Le processus d’attribution d’une place est complexe et se déroule sur plusieurs mois. Parcoursup recouvre en fait deux réalités. C’est d’abord un système de mise en communication entre demande des candidats et offres de formations. Elle transmet les dossiers des candidats, et en retour les réponses des organismes de formation. Les données transmises dans le dossier sont hétérogènes : résultats scolaires, projet de formation motivé, CV, appréciations. L’autre réalité se déroule dans les organismes de formation. Chacun de ses organismes met en œuvre des algorithmes ad hoc et des commissions pour traiter les demandes reçues et formuler les réponses. C’est la partie de Parcoursup la plus opaque. Le ministère ajoute quelques contraintes et obligations, le taux de boursiers, afin de rechercher une mixité sociale.

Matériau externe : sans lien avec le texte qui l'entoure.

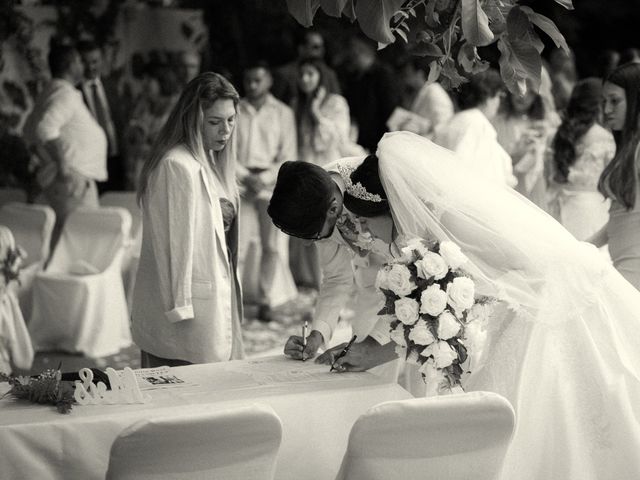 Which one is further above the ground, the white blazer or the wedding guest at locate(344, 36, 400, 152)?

Ainsi, la plateforme en tant que mise en relation des demandeurs et offreurs et formalisation des « arguments » circulants est définie par l’État. Mais la décision relève de la responsabilité de chaque offreur. Il s’agit bien d’un quasi-marché. Les demandeurs doivent élaborer des stratégies renforçant le sentiment de responsabilité dans leur réussite ou échec. Mais les offreurs de formation doivent également élaborer des stratégies de sélection afin d’espérer de bien remplir les places de leur formation.

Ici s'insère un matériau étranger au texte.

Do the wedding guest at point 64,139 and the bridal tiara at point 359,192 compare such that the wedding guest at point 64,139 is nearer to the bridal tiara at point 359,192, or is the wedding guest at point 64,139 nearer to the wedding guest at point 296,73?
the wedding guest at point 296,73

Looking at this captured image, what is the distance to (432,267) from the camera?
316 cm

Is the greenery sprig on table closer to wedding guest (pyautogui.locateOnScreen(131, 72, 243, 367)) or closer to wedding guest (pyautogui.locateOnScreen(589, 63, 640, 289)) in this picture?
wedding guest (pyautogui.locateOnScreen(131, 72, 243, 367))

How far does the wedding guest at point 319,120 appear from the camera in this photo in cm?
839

Cette configuration donne l’impression d’une compétition plus équitable, mais elle renforce en réalité l’incertitude, l’opacité des décisions et l’injonction à la stratégie. L’introduction de la logique algorithmique et la responsabilisation accrue des élèves transforment profondément le rôle de l’école et des professionnels de l’orientation (stress et élaboration de stratégies).

Une fausse démocratie de l’orientation

Dans les deux cas, la logique méritocratique – fondée sur l’idée de distinguer les « meilleurs » – sert de principe organisateur. Or, cette logique est loin d’être neutre : elle est construite sur des évaluations biaisées, des ressources inégales et une méconnaissance des aspirations des élèves. La responsabilité individuelle de l’élève est constamment mise en avant, au détriment d’une approche systémique prenant en compte les inégalités structurelles.

Si les calculs sont formellement appliqués à tous, cette égalité procédurale ne garantit ni la justice sociale ni la légitimité des décisions. Une orientation véritablement démocratique supposerait de penser d’autres principes : justice (équité des conditions), justesse (adéquation aux aspirations et compétences réelles), et justification (transparence des décisions).

Conclusion

Le système éducatif français, articulé sur un contrôle étatique à la fin de la troisième et sur un quasi-marché pour l’entrée dans l’enseignement supérieur, peine encore à penser l’orientation autrement que comme un dispositif de tri. Les tentatives de développement d’une éducation à l’orientation n’ont aucun effet sur la conception de l’orientation comme circulation dans le système. Ni la fin de la troisième ni Parcoursup ne permettent aux élèves de s’approprier leur avenir de manière autonome et éclairée. À rebours d’un pilotage technocratique, une orientation démocratique exigerait de repenser en profondeur les finalités de l’école, la place de l’élève, et la nature du travail éducatif.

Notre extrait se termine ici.